◆ Recorded information
==================================================

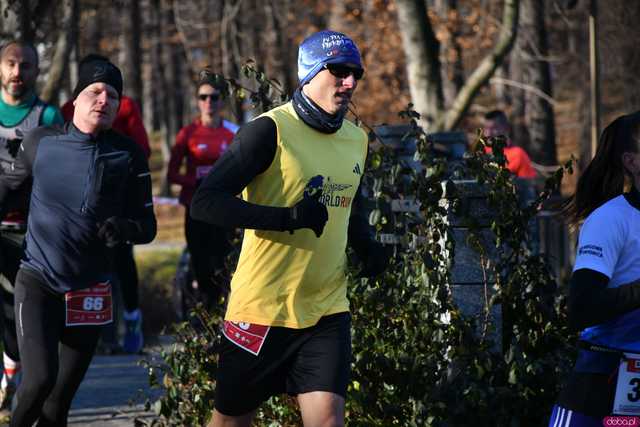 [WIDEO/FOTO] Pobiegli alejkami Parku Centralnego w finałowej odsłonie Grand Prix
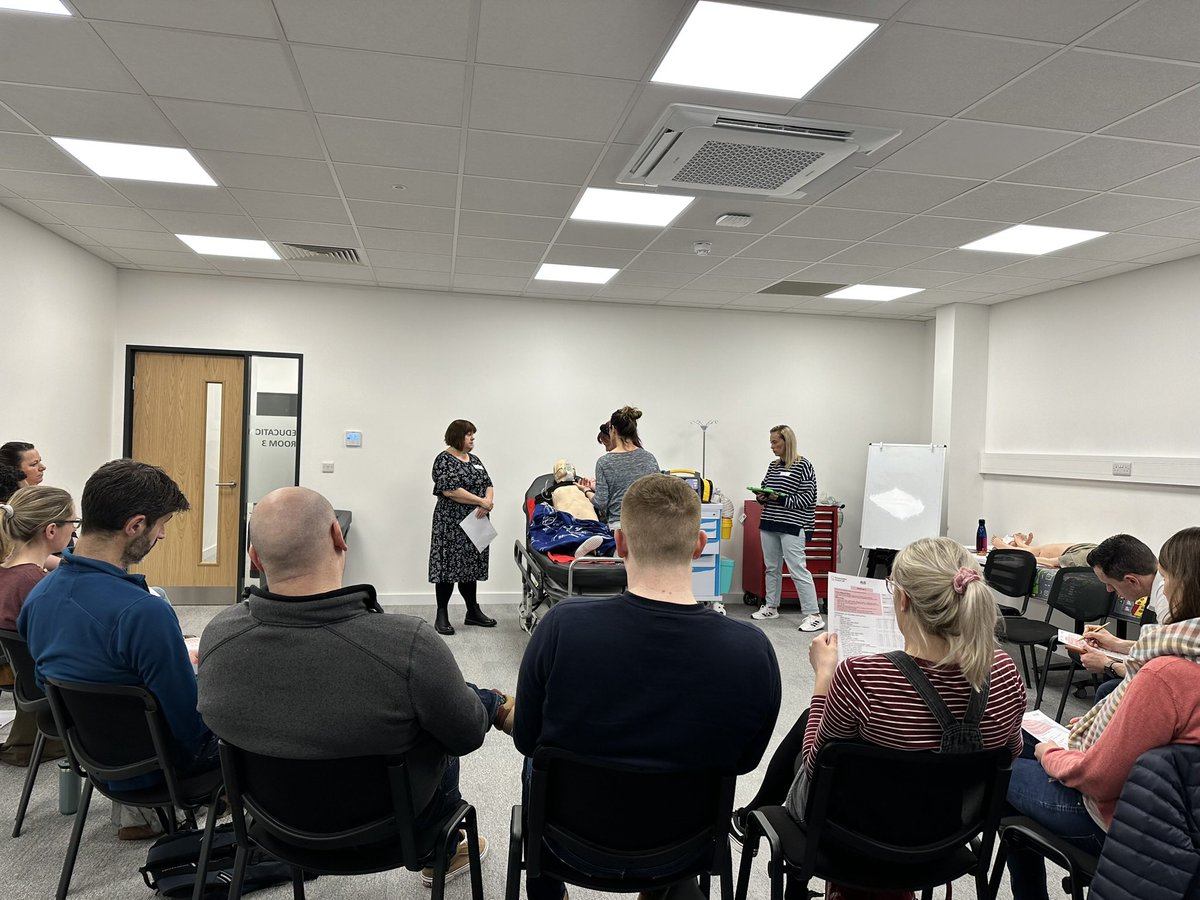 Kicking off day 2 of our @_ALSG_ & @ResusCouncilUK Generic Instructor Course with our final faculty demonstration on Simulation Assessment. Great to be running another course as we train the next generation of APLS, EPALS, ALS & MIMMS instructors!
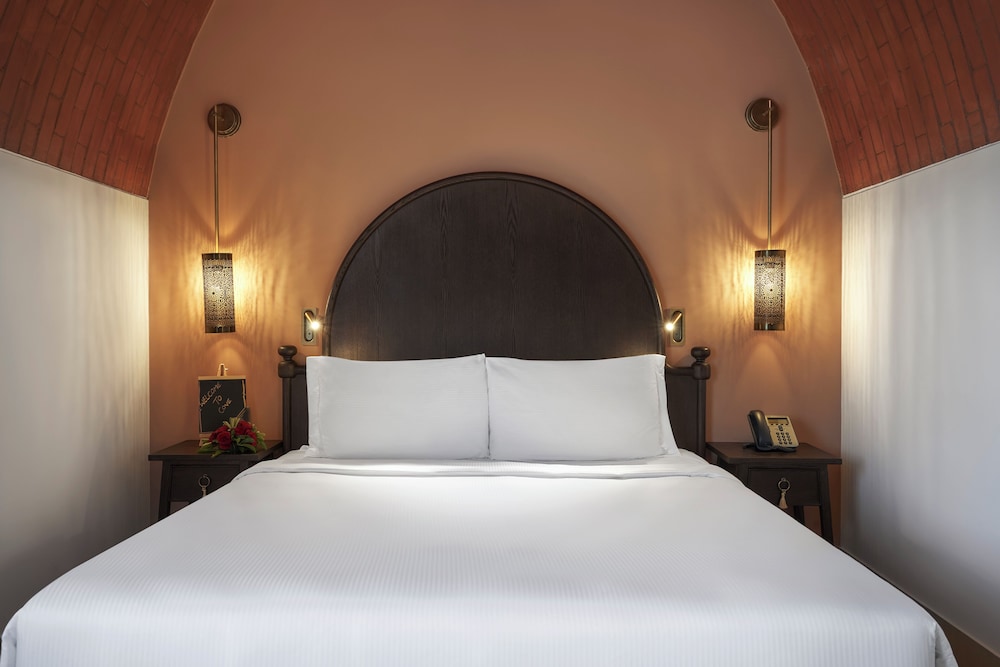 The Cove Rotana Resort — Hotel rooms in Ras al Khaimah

==================================================

◆ Your task
For this exercise, transcribe the data above line by line, exactly, with pictures omitted.

◆ Answer below
 [WIDEO/FOTO] Pobiegli alejkami Parku Centralnego w finałowej odsłonie Grand Prix
 Kicking off day 2 of our @_ALSG_ & @ResusCouncilUK Generic Instructor Course with our final faculty demonstration on Simulation Assessment. Great to be running another course as we train the next generation of APLS, EPALS, ALS & MIMMS instructors!
 The Cove Rotana Resort — Hotel rooms in Ras al Khaimah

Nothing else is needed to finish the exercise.